Design of a 1-D auger reactor for upcycling polystyrene to styrene via pyrolysis

Abstract

As the global plastic waste crisis intensifies, upcycling polystyrene (PS) into styrene via pyrolysis emerges as a potential solution. Yet, the lack of optimised reactor designs has limited its large-scale implementation. This manuscript addresses this gap by modelling an auger pyrolysis reactor, focusing on mass and heat transfer to enhance PS upcycling efficiency. The one-dimensional model assumes heating from the reactor wall with a baseline temperature of 723 K and an activation energy for PS depolymerisation of 192.9 kJ/mol, reflecting direct PS conversion to styrene.
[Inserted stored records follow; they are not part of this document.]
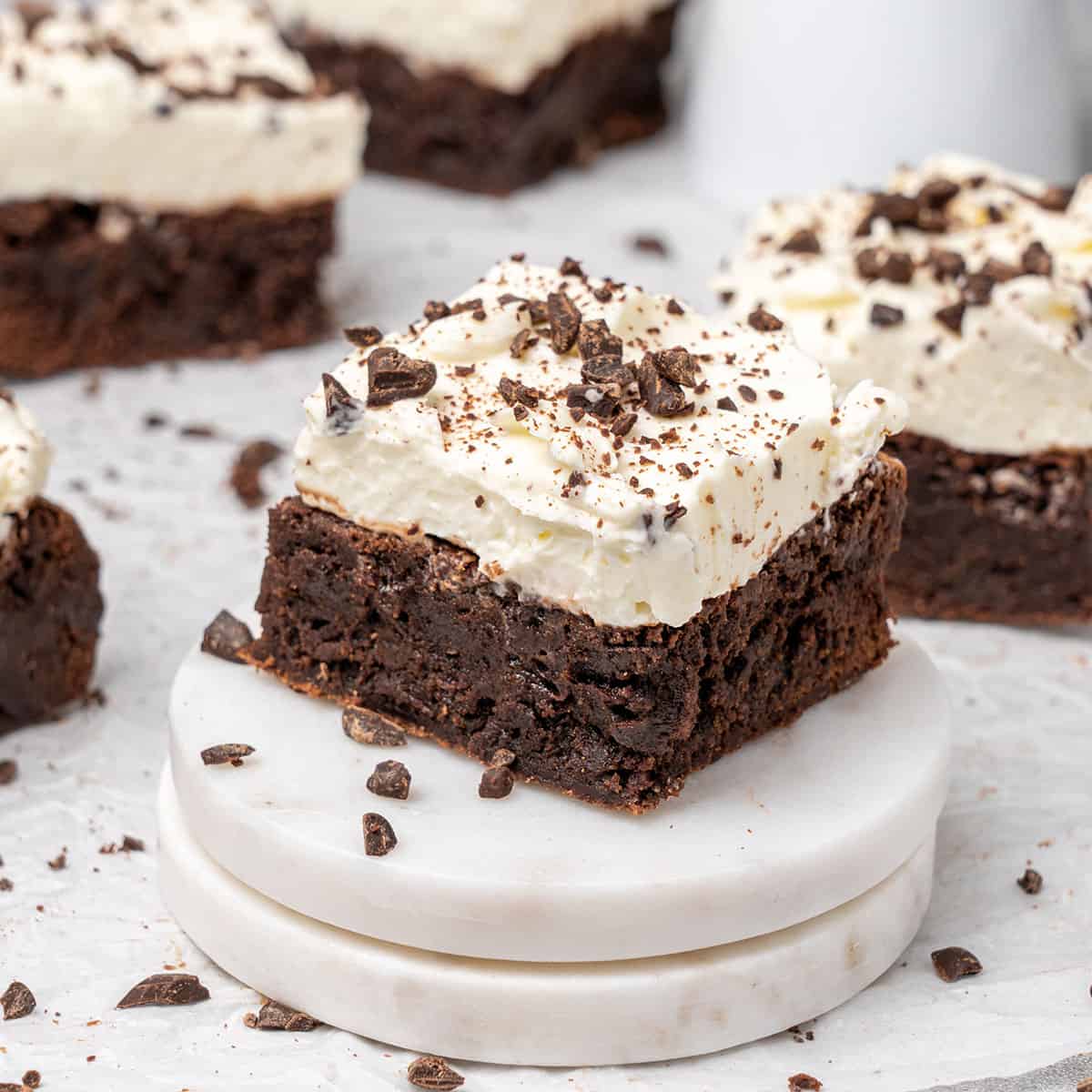 a brownie with cream cheese frosting on a cake stand.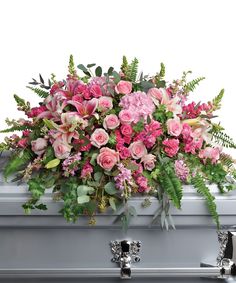 a casket filled with pink flowers and greenery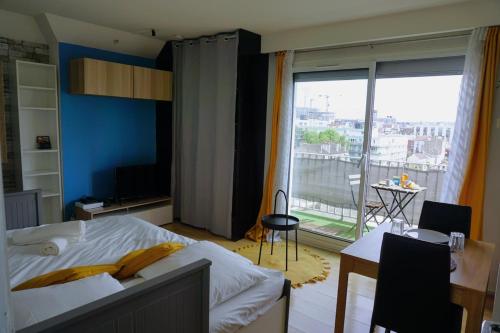 une chambre avec un lit et une grande fenêtre dans l'établissement Les Maisons Acajou - Ivry-sur-Seine, à Ivry-sur-Seine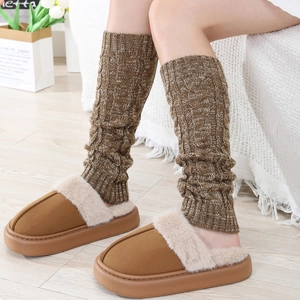 Thick cable knit leg warmers in coffee brown paired with cozy plush slippers for winter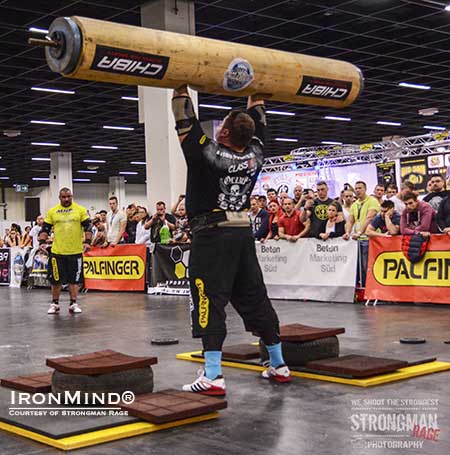 The Log Lift King, Zydrunas Savickas, doing his thing at the FIBO.  IronMind&reg; | Photo courtesy of Strongman Rage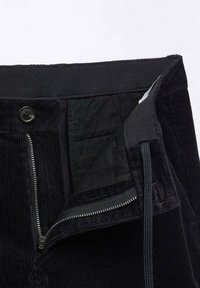 Pantalon en velours côtelé noir avec une fermeture éclair ouverte et un bouton, montrant le tissu intérieur et un cordon noir à la taille.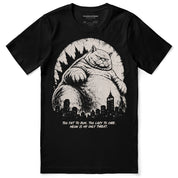 Lazy Colossus Cat T-Shirt in Black, front flat lay with giant cat and city artwork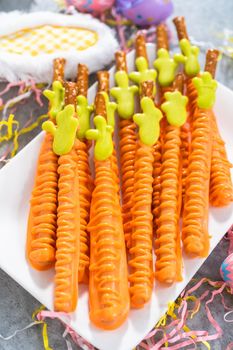 Carrot chocolate-covered pretzels on a white serving plate for the Easter table.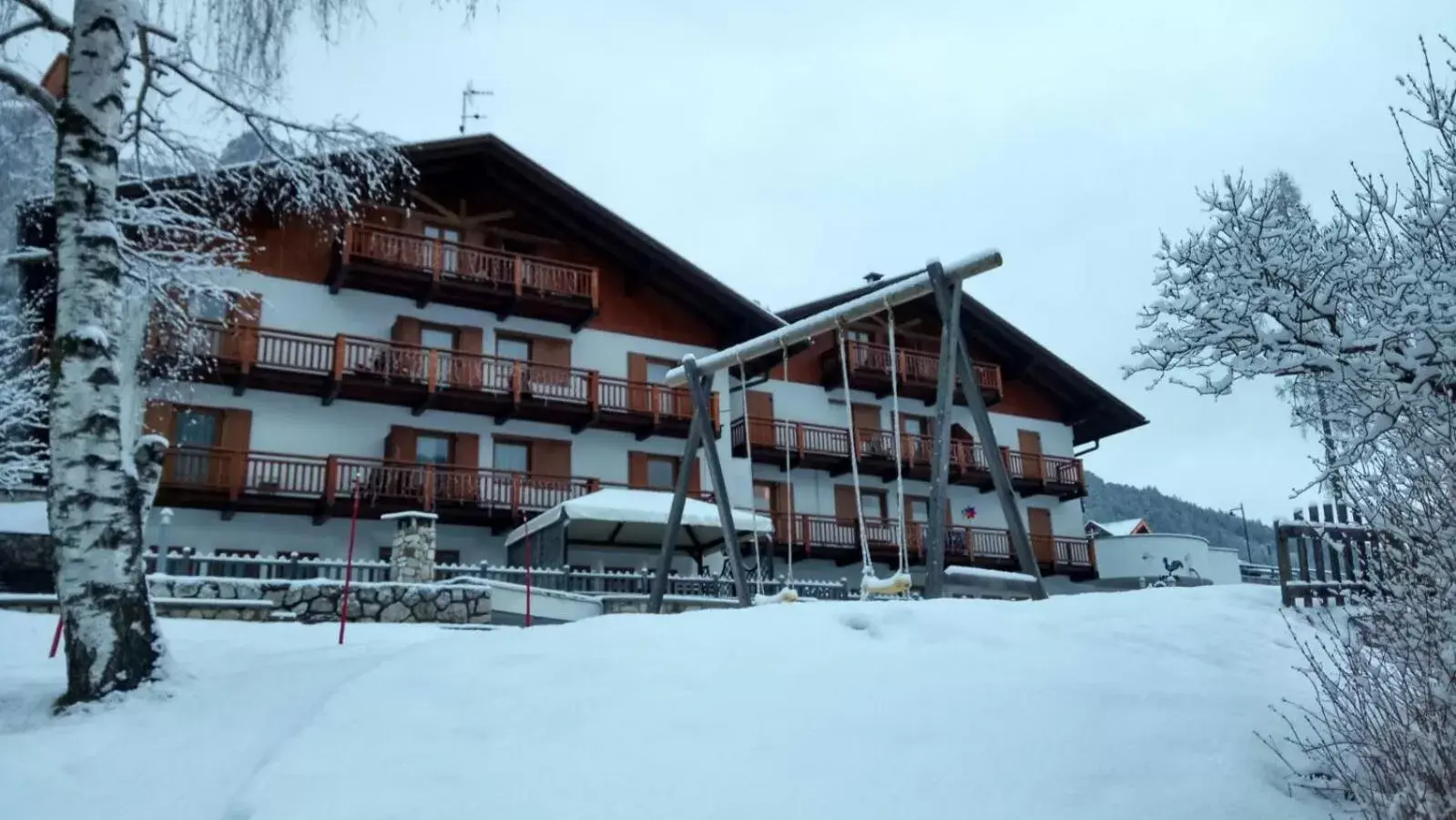 Property building, Winter in FORESTO - holiday apartments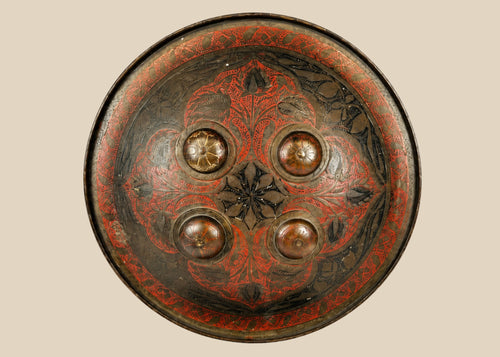 Small circular Indo-Persian Dhal shield, 11 inches diameter, lacquered black and red with damascened foliate motifs, four raised bosses, interior grips with knuckle-guard cushion, well-preserved antique.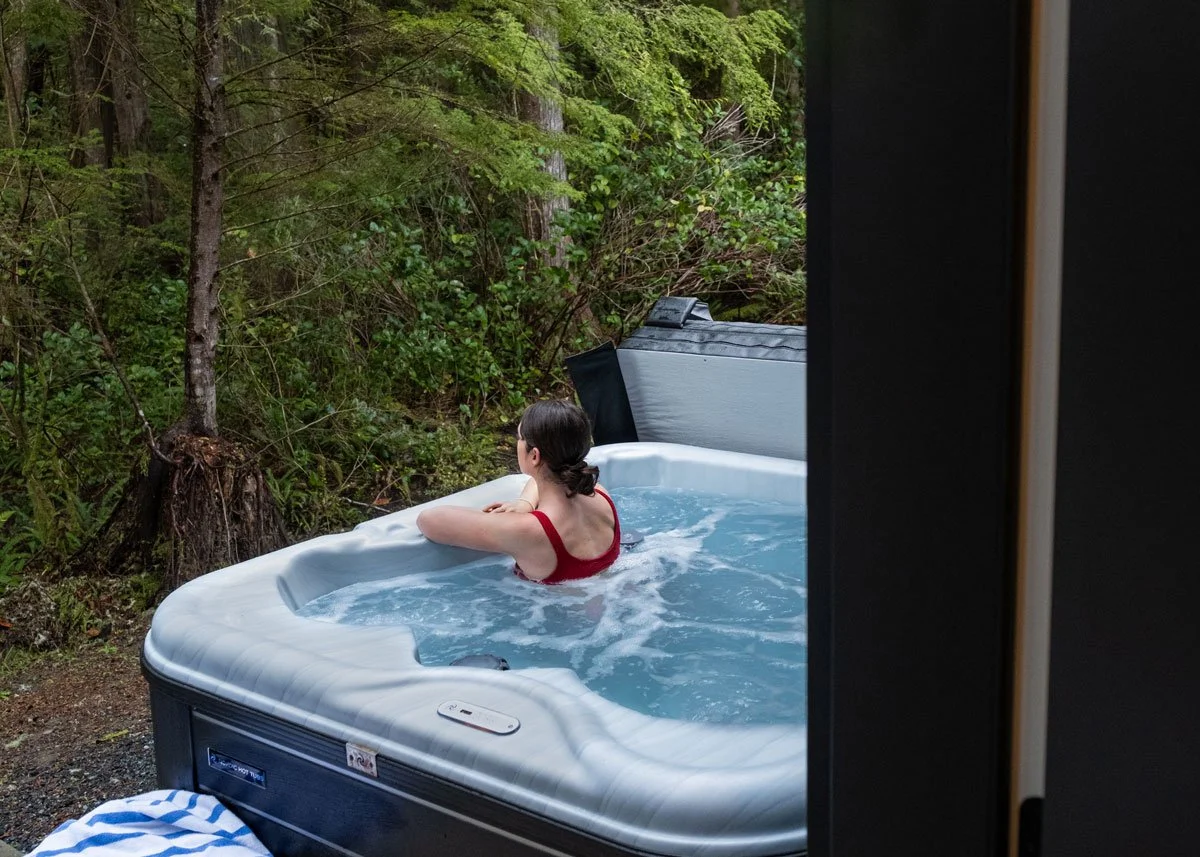 A woman in a red swimsuit relaxing in an outdoor hot tub surrounded by trees and greenery.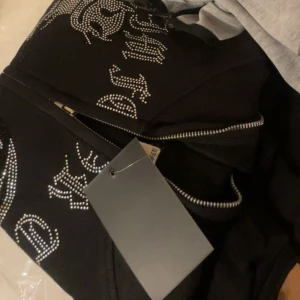 Svart hoodie med strass från aim for the moon  - Svart hoodie från aim for the moon med strassdetaljer och glittrande logotyp framtill. Tröjan har dragkedja och huva, perfekt för dig som gillar statement-plagg. Snyggt och lyxigt streetwear som sticker ut.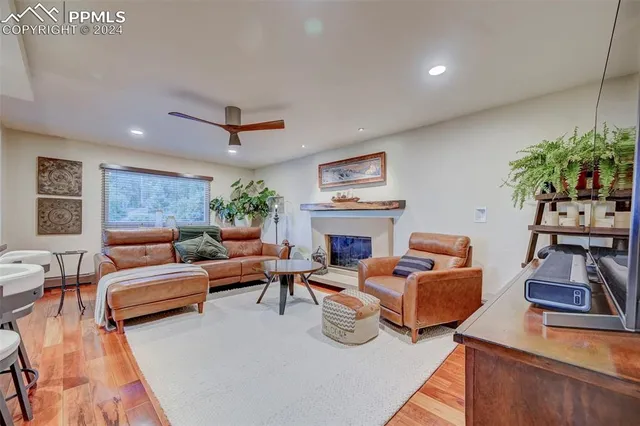 a living room with furniture fireplace and a large window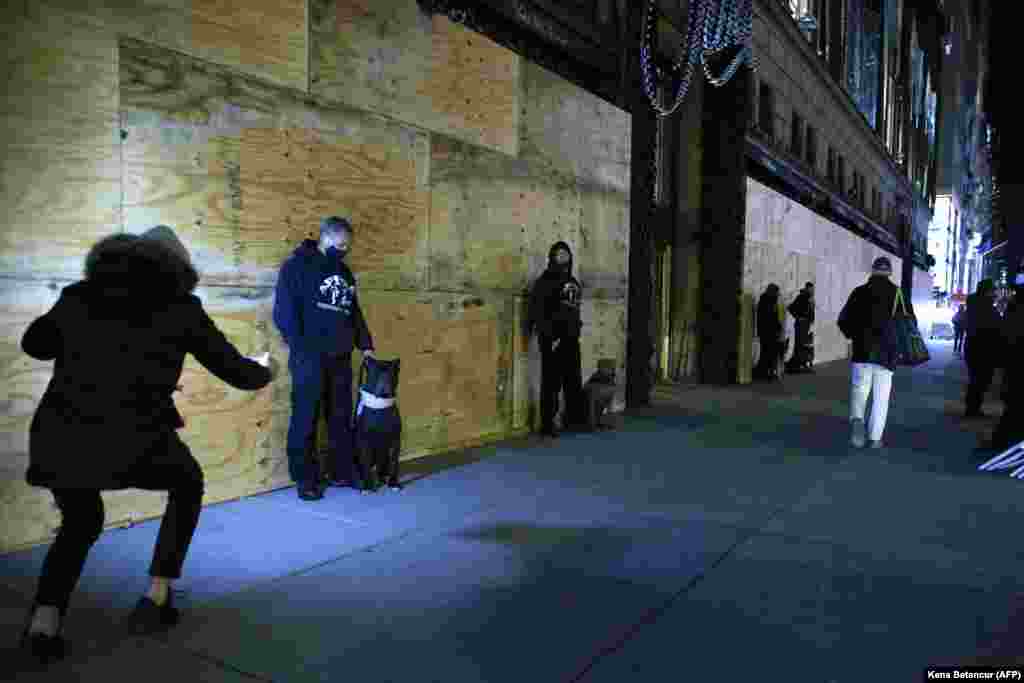 Приватні охоронці стоять біля забитого дошками універмагу Saks Fifth Avenue ввечері перед президентськими виборами в Нью-Йорку. 2 листопада 2020 року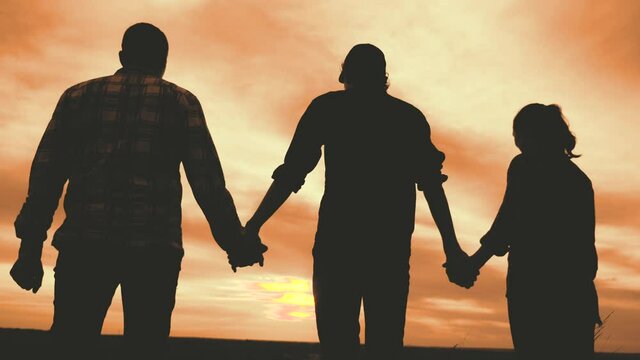 teamwork. team community hold hands together silhouette at sunset unity. group of people hands. teamwork workers carry out one mission go to the goal . business lifestyle team in the company working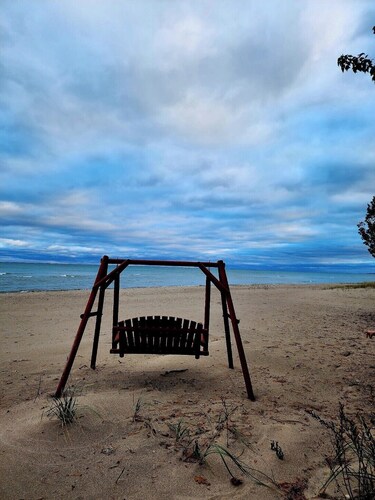 Stunning, fully appointed home on a sugar sand beach of Lake Huron. 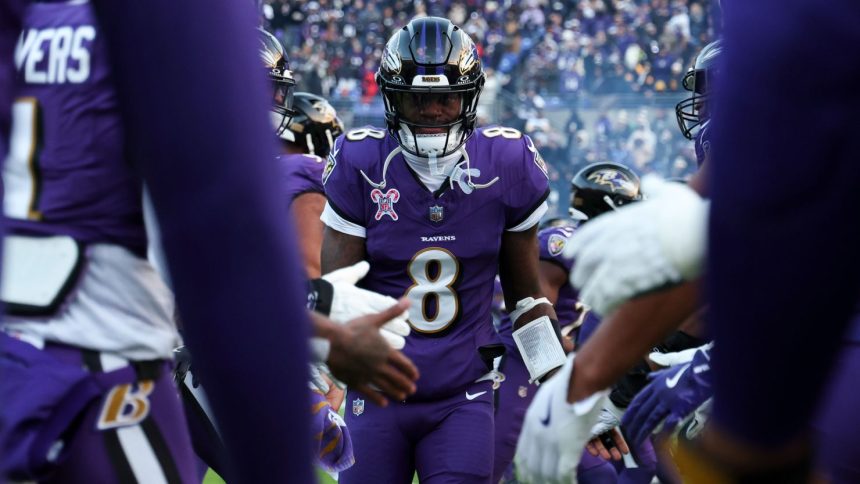 Baltimore Ravens quarterback Lamar Jackson runs onto the field ahead of the game against the Pittsburgh Steelers.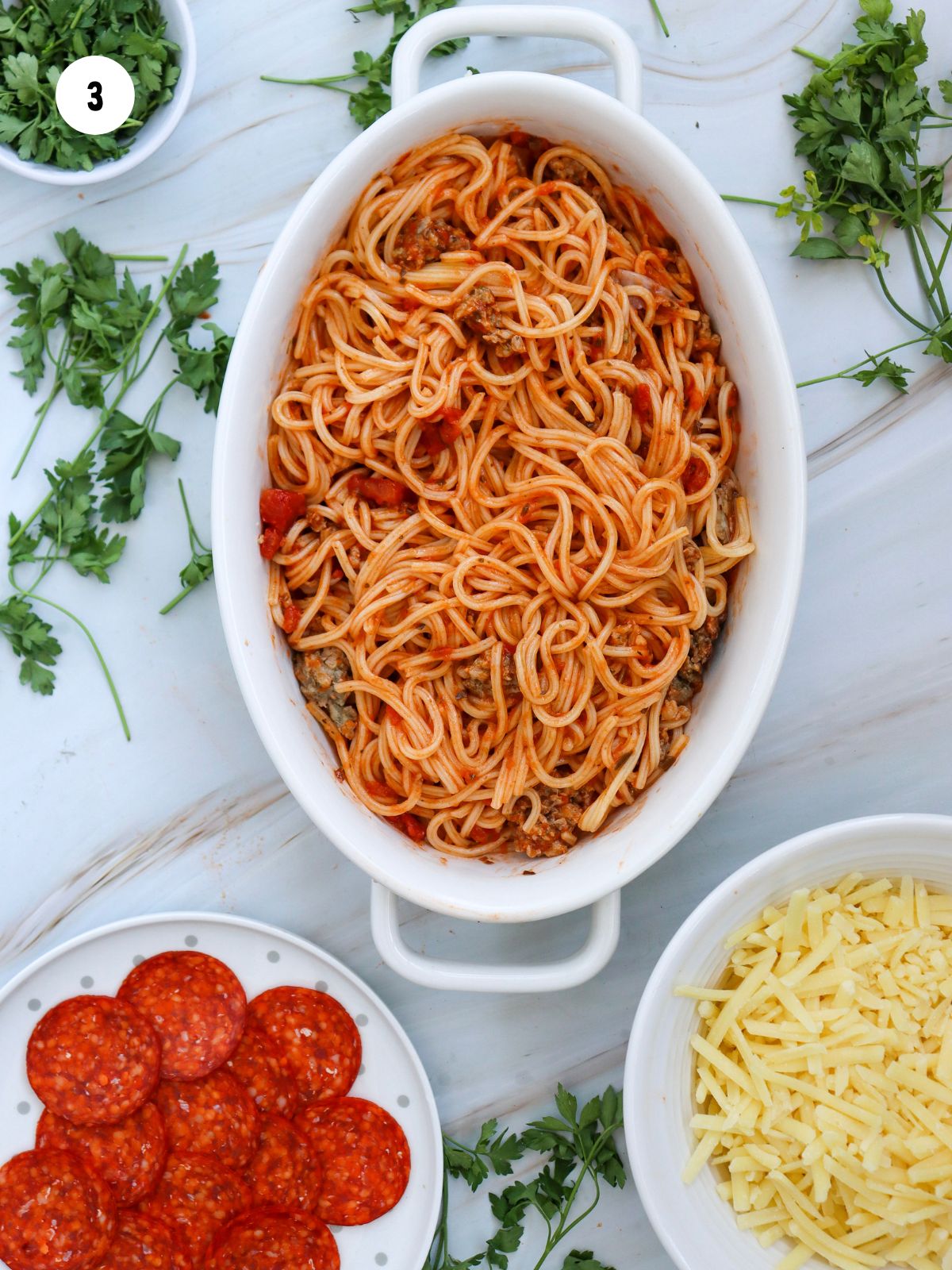 Oval casserole dish filled with spaghetti and meat mixed with the sauce. Plate of pepperoni and bowl of mozzarella.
Mass transfer calculations identify a temperature window of 633–733 K is required for complete PS conversion, while the heat transfer model is further developed to explore methods for achieving this temperature range. As the primary heat source, the wall temperature dictates the PS temperature along the reactor length and influences reactor design. Also, increasing the shaft temperature from 423 to 698 K significantly enhances heat transfer and PS conversion, as it acts as a secondary heat source rather than a heat sink. For catalytic reactions where activation energy may decrease to as low as 130 kJ/mol, the reactor length can be reduced to less than 0.2 m under the assumed conditions, highlighting the importance of catalysts in reactor design and capital investment. The model indicates with an activation energy of 160 kJ/mol, auger and wall temperatures set at 473 K and 723 K respectively, a complete PS conversion can be achieved within a reactor length of 0.75 m, corresponding to a processing time of approximately 25 min. This design enables a throughput of 1.89 kg/h of pure PS, equivalent to 94.5 L/h of expanded PS, demonstrating both scalability and potential for large-scale waste management and resource recovery. The compact reactor design also offers portability, facilitating on-site processing of PS waste.